我“嗯”了一声,伸手去摇车窗。玻璃缓缓升起,将布拉格的夜色挡在外面。暖黄的街灯、偶尔驶过的军车、路边站岗士兵的身影,都一点点缩成模糊的光斑。

我侧过头,情绪不知怎么的就是冷静不下来。

我靠着椅背,闭上眼睛,那些人的脸还是在眼前转。

直到轿车缓缓停在旅馆门口,约阿希姆副官拉开车门,我才猛地回神,跟着赫德里希下了车。

走进走廊时,他忽然停下脚步,回头看我。“别想没用的。”他的声音压得很低,只有我们两人能听见。

我沉吟许久,作出一副惆怅的样子:“我只是……想家了。”

“是因为看见刚才那个女人?”

“也许吧。”可能还有刚才喝了点酒的缘故,情绪一会低落一会亢奋的,喃喃道:“其实我的家……”

“你的记忆恢复了?”他往前半步,声音压得更紧,“你家在哪?”

“嗯,都想起来了。”我的思绪飘的很远:“我家在……在福建!就住老城区里,门口有棵特别大的榕树,夏天能遮半条街的凉。”

说着说着,鼻子突然一酸,眼泪没预兆地涌上来:“我想我爸妈了……我想吃麻辣烫,你吃过麻辣烫吗?比你们那个硬的能砸死人的面包好吃太多了!”其实我现在是有一点点醉的,但没有醉的很彻底。

如果真的醉了,我肯定会劈头盖脸的骂他一顿,但我现在说的这些,都只是我隐藏在心里的一些东西:“日子过得太苦了,一穿过来就被枪打,又要逃亡,冬天又冷………又冻,手都麻了,嘴巴都木了。”

手腕突然一紧,我被他猛的拉了过去,我仰头看他,只看见他盯着我,脸绷得很紧:“你在这胡说八道什么?你到底偷喝了多少酒?”
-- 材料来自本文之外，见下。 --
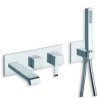 Mitigeurs Douche Cristina Quadri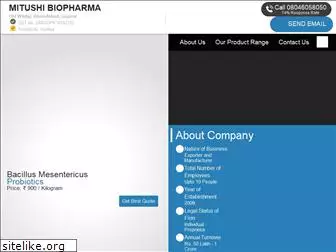 mitushipharma.com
“我没胡说。”我挣扎了几下,却没力气推开他,只能皱着眉辩解,“是那个穿黑西装的胖男人,还有戴珍珠项链的女人,一直过来跟你说话,我听不懂他们说什么,又不能走……他们给我递酒,我只能喝,你只知道在那里讲话,不知道帮我推开吗?那么多人,我怎么应付的过来!”

“那杯子里的东西,甜甜的,像果汁……很好喝。”

然后赫德里希感觉自己像被愚弄了一样的生气,把我拎起来丢到房间里去。

好在有酒精作用,我入睡的快,其实宴会上我根本分辨不出来有没有酒精,单纯觉得好喝而已。